Menurut informasi dari ruang perdagangan (trading desk), tim Asia Pasifik Morgan Stanley baru-baru ini terus menekankan bahwa pendorong mendasar siklus industri Asia sedang beralih dari real estat tradisional dan restokasi manufaktur umum, menuju AI beserta infrastrukturnya, keamanan energi dan transisi energi, investasi pertahanan, serta ketahanan rantai pasok.

(Hingga 2030, total investasi tetap Asia akan meningkat menjadi 16 triliun dolar AS)

Morgan Stanley memperkirakan, skala investasi aset tetap Asia berpotensi naik dari sekitar 11 triliun dolar AS pada 2025 menjadi 16 triliun dolar AS pada 2030, dengan pertumbuhan tahunan majemuk (CAGR) investasi nominal sekitar 7% dari 2026 hingga 2030, jauh lebih tinggi daripada level beberapa tahun terakhir.

(Antara 2026 dan 2030, total investasi modal tetap Asia akan mempertahankan tingkat pertumbuhan tahunan majemuk (CAGR) sebesar 7%)

Logika Dasar "Siklus Super": Pengeluaran Modal Asia Percepatan Signifikan

Perbedaan paling inti dari siklus industri Asia kali ini adalah AI mendorong kembali pengeluaran modal (capex) ke panggung utama.

Dua tahun terakhir, diskusi pasar tentang AI lebih banyak berfokus pada model, aplikasi, dan "Tujuh Raksasa" (Magnificent Seven) di pasar saham AS. Namun dari perspektif Asia, makna sebenarnya AI adalah: ekspansi komprehensif chip, memori, server, modul optik, pusat data, sistem kelistrikan, dan infrastruktur cloud.
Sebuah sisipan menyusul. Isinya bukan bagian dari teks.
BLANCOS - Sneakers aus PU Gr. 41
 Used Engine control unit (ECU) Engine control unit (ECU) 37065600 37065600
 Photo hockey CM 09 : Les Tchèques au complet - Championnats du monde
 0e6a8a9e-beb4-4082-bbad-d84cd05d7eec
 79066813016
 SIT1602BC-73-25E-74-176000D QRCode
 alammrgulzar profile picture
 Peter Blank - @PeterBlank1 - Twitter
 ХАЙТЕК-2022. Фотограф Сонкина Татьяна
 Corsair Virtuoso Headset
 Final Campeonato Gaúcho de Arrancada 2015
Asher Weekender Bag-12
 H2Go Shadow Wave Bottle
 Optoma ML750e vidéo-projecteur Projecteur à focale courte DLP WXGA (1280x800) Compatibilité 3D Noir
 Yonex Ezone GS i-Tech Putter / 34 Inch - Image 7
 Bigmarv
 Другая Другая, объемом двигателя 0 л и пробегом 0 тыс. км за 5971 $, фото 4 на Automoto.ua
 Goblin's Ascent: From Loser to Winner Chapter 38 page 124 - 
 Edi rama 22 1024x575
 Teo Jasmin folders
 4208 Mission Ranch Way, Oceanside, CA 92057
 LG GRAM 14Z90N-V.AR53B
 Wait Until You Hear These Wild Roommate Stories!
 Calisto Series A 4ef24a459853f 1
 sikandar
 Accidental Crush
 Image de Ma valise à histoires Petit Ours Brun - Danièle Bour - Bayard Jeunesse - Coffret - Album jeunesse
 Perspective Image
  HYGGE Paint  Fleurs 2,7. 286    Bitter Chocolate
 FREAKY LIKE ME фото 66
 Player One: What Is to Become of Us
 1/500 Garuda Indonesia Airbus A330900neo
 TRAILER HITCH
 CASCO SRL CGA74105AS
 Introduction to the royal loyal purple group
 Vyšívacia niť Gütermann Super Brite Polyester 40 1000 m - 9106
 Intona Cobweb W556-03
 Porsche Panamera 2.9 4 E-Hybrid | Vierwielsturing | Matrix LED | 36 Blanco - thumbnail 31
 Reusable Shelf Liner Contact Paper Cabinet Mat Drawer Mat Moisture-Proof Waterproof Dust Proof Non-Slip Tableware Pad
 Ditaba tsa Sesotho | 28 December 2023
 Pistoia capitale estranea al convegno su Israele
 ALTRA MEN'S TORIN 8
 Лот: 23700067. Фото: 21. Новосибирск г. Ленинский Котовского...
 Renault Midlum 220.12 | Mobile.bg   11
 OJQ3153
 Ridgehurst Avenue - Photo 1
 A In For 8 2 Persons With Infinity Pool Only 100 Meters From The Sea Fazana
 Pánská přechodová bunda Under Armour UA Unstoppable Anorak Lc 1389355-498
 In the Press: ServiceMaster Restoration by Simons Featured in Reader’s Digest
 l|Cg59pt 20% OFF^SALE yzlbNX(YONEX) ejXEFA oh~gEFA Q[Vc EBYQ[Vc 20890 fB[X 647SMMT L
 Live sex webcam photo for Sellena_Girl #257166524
Morgan Stanley menyebutkan, proporsi CIO global yang menempatkan AI sebagai prioritas utama telah meningkat menjadi 39%. Sejalan dengan itu, investasi pusat data AI global diperkirakan mencapai sekitar 2,8 triliun dolar AS dari 2026 hingga 2028, dengan pertumbuhan tahunan sekitar 33%.

(Pengeluaran modal terkait pusat data di bidang kecerdasan buatan global akan terus meningkat)

Asia berada di pusat rantai pasok perangkat keras AI: dari TSMC, Samsung, SK Hynix, hingga perusahaan semikonduktor, server, komunikasi optik, dan infrastruktur cloud di Tiongkok Daratan, semuanya akan diuntungkan dari siklus investasi ini.

Laporan tersebut juga memperkirakan, pengeluaran modal utama perusahaan chip berpotensi naik dari sekitar 105 miliar dolar AS pada 2025 menjadi sekitar 250 miliar dolar AS per tahun pada 2028. Ini berarti AI adalah perlombaan yang padat modal.

Peran Tiongkok patut mendapat perhatian khusus.

Morgan Stanley berpendapat, AI Tiongkok adalah persaingan kemampuan sistem yang lengkap: daya komputasi (komputasi) menentukan kecepatan, platform cloud menentukan skala, penggunaan token menentukan kelayakan ekonomi, dan skenario aplikasi menentukan perolehan nilai.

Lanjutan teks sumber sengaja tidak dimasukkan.